#### Task details:
Pull every line containing "womens" out of the material below.
>>>
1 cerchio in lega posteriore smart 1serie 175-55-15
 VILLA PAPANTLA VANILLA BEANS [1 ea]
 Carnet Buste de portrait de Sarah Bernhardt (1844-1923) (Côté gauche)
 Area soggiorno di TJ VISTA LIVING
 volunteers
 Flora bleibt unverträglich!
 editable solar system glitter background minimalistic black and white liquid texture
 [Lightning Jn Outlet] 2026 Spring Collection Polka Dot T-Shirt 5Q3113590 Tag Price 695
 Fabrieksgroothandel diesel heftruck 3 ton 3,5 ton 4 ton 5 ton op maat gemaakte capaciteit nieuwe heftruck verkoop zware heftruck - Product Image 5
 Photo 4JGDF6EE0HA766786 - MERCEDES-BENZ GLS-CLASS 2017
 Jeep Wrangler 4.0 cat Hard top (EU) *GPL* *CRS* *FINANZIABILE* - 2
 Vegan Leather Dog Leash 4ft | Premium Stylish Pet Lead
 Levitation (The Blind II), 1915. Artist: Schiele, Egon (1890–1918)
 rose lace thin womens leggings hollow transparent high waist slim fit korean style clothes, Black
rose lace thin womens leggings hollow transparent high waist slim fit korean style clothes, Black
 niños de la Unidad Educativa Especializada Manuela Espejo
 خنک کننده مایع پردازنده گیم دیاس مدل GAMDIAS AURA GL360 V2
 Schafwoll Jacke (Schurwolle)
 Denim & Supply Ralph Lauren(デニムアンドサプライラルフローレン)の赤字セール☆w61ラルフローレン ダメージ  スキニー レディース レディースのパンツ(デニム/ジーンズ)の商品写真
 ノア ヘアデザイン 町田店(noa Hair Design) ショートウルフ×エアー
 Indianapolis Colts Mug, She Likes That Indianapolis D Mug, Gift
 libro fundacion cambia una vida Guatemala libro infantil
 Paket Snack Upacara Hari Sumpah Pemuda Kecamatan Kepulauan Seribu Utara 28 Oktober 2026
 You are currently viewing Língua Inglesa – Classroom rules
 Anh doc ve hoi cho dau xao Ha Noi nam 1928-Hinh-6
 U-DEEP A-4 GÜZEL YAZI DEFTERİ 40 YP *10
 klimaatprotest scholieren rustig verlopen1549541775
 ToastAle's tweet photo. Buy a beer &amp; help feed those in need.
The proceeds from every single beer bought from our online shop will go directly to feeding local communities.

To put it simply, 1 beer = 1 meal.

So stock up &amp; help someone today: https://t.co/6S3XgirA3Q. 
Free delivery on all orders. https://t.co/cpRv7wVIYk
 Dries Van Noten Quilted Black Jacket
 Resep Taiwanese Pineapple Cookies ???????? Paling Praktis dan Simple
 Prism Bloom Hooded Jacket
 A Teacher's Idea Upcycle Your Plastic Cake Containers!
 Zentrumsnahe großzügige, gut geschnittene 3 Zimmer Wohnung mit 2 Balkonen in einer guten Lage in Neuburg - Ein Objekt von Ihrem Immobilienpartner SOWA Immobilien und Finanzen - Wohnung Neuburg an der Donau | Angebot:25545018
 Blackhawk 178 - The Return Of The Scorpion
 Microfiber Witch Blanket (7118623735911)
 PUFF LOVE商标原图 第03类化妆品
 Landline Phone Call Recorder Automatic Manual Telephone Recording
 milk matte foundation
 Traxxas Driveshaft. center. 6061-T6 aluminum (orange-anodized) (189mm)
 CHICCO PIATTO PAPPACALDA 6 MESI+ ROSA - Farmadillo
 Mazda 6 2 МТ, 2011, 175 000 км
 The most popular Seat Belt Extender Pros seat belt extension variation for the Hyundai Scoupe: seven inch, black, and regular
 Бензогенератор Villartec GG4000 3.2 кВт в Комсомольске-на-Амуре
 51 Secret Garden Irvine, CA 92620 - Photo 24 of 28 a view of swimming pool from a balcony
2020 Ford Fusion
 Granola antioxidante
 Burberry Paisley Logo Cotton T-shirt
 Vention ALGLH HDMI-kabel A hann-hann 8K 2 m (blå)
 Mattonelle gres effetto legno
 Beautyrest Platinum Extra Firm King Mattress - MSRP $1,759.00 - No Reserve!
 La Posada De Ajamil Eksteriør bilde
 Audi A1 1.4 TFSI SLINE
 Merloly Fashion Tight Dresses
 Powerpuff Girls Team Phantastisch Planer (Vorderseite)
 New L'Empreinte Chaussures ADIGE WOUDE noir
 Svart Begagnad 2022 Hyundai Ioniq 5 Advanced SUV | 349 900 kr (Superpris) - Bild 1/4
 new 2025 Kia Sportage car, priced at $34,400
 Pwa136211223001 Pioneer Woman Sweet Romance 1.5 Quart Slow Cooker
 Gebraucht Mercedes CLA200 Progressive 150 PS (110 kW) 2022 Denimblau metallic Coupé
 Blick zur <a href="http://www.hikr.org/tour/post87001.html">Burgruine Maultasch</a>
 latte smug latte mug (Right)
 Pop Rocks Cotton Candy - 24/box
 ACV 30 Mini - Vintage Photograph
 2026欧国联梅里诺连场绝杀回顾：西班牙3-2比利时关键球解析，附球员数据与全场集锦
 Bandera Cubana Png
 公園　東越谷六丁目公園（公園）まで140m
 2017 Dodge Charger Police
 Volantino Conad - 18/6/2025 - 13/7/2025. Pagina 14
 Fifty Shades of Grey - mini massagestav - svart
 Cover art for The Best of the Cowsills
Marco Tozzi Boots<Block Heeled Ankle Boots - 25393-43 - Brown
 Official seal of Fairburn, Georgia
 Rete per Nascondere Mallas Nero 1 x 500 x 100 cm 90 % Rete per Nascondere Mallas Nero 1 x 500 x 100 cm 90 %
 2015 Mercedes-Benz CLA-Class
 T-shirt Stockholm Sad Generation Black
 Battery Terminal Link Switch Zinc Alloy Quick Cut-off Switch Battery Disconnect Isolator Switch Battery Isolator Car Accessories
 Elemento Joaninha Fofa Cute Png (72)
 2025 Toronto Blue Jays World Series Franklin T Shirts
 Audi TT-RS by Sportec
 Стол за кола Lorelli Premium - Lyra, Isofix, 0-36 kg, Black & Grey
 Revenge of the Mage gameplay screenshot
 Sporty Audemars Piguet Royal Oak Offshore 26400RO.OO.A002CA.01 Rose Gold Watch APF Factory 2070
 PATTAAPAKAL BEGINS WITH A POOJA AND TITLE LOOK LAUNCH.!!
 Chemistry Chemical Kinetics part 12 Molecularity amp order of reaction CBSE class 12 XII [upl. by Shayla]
<<<
#### Worked solution:
 rose lace thin womens leggings hollow transparent high waist slim fit korean style clothes, Black
rose lace thin womens leggings hollow transparent high waist slim fit korean style clothes, Black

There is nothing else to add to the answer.